In Chapter 6 of the Report, the spatial pattern assessment, the implementation of urban centers was evaluated according to the master plan, and was expressed by stars, ranging from one star to five stars. The locations of the centers are shown in
Figure 14. The Report notes out that the main center has basically reached the standard, while there are gaps in the construction of the subcenters (
Table 2).
5.1. Comparison of Main Centers and Analysis
Through the comparison, it was found that the two main centers in the plan were consistent with the experimental results in this paper: Yan’an Road and the area near West Lake on the north side of the river, and Qianjiang new town and Qianjiang century city were shown to the south of the river. However, the southeast part of the main center area in our experimental results extended outward more than expected, covering the Jiangnan City Center, located to the southeast of the main center area in the Plan.
As mentioned in the evaluation of subcenters in the Report, three of the six subcenters were well implemented, including the Jiangnancheng subcenter. Therefore, we can consider that our experimental results are consistent with the facts.
5.2. Comparison of Subcenters and Analysis
The polycentric system is divided into three levels in the master plan and evaluation report: the main center, the subcenter and the tertiary center. However, this paper only studied the central system for two levels, so we combined the subcenters and the tertiary center in the Report and compared them with the subcenters in our results.
Our method identified nearly all of the subcenters appearing in the Report, and the only one not identified was the Yuhang Group Center. The Yipeng Group Center was identified, but its position was slightly inaccurate. This was probably because the state of planning implementation in this area was poor, so there might be insufficient infrastructure and low population density. At the same time, the center we identified was located on the southwestern side of this planning point, and it was closer to a tertiary center called the Airport Subcenter. Two subcenters in the plan, Xiasha City Center and Liangzhu Group Center, were identified by us within the scope of the main center.
The tertiary centers in the Report contained two types, third grade centers and fourth grade centers (
Figure 14). We identified two-thirds of these, and all main subcenters that we identified were within the main centers. This was in agreement with the plan.
6. Conclusions
In this study, the city centers of Hangzhou were detected using a combination of two types of data, including open-net POI maps and nighttime light images with high spatial resolutions. The results from different data sources and methods were compared and the accuracy and rationality of the proposed method were demonstrated. The major findings of this study were as follows: (1) An optimal multi-resolution segmentation parameter combination was found; (2) the main centers and subcenters were detected and showed clear boundaries; and (3) the proposed method that combined nighttime light data and POI data could effectively detect urban centers. This method provided a new way to identify the urban spatial structure and could be applied to the evaluation of urban development.

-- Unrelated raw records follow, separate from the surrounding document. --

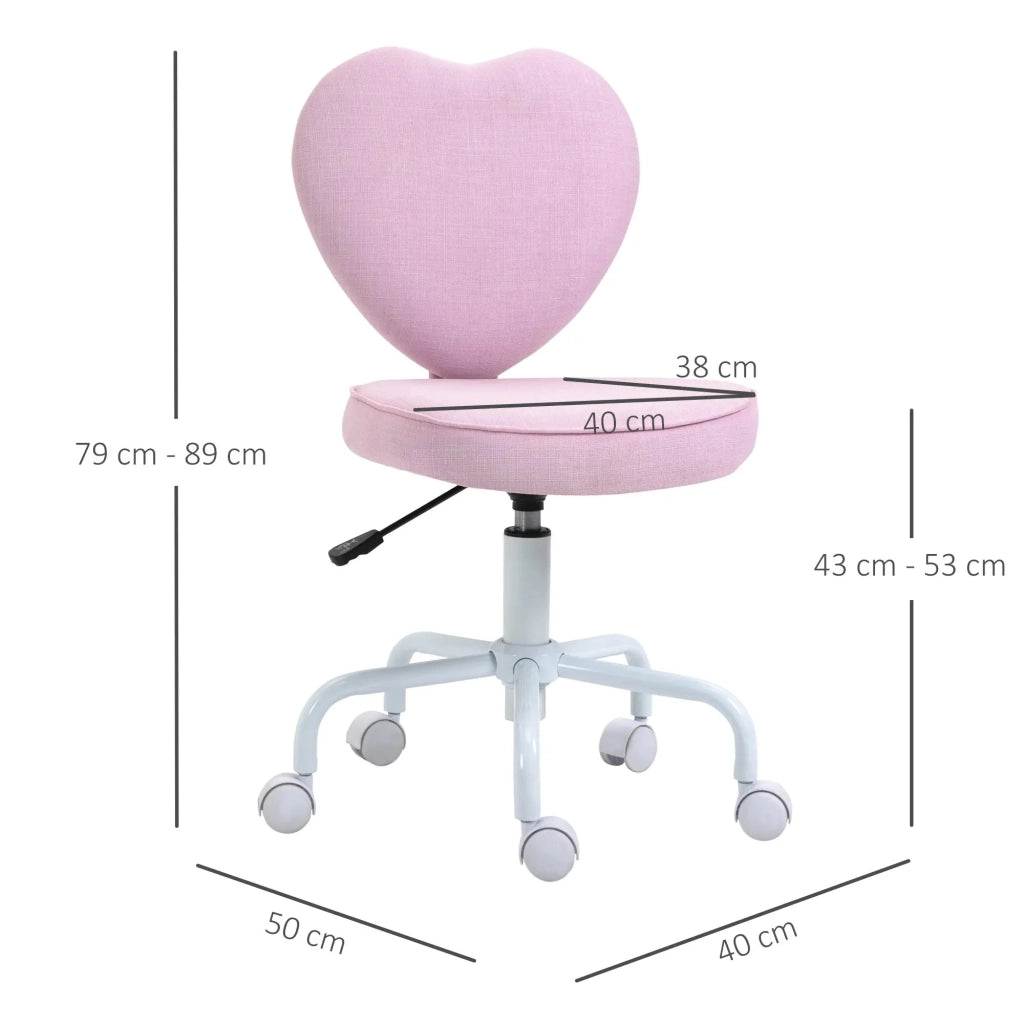 Sedia da ufficio con schienale a cuore, altezza regolabile e ruote a 360 gradi in schiuma rosa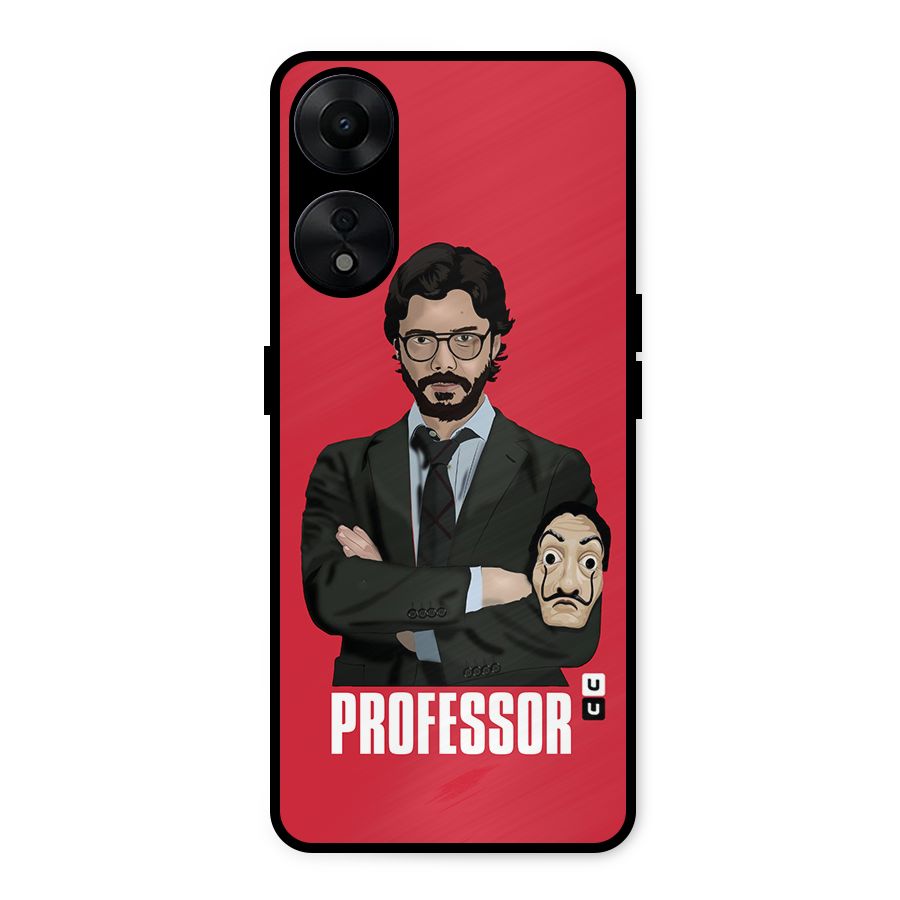 Professor Art Illustration Metal Back Case for Oppo A78 5G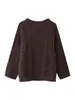 Comercio Exterior Transfronterizo Spot 2025 Estilo Europeo y Americano Moda Femenina Versátil Suéter de Punto Trenzado de Cinco Colores Manga Larga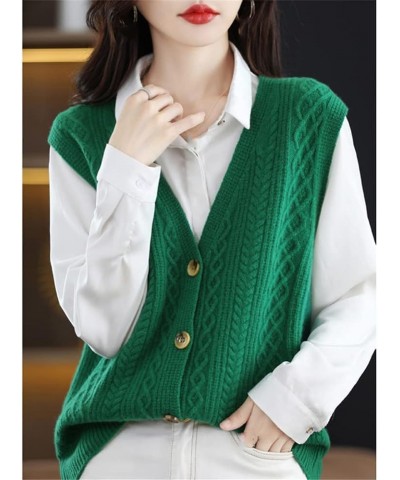 Women 100% Cashmere Sweater Vest Cable Knitted Sleeveless V-Neck Cardigan Sweater Button Vest Beige $30.80 Sweaters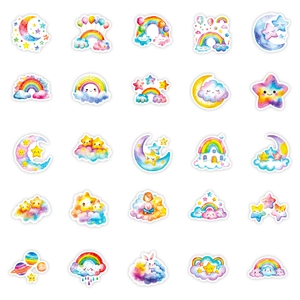 Set of 25 watercolor cartoon stickers with rainbow, stars, and cute moon for kids DIY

There are several characteristics of POI that are related to the boundaries of urban centers, in addition to the number and density, for example, the scale of an area, the usage rate, the relationships with human activities, and the used ages. In this study, the spatial patterns of POI were the focus. Therefore, in the future, other characteristics of POI data might be used to more precisely measure the boundaries of city centers when combined with nighttime light data.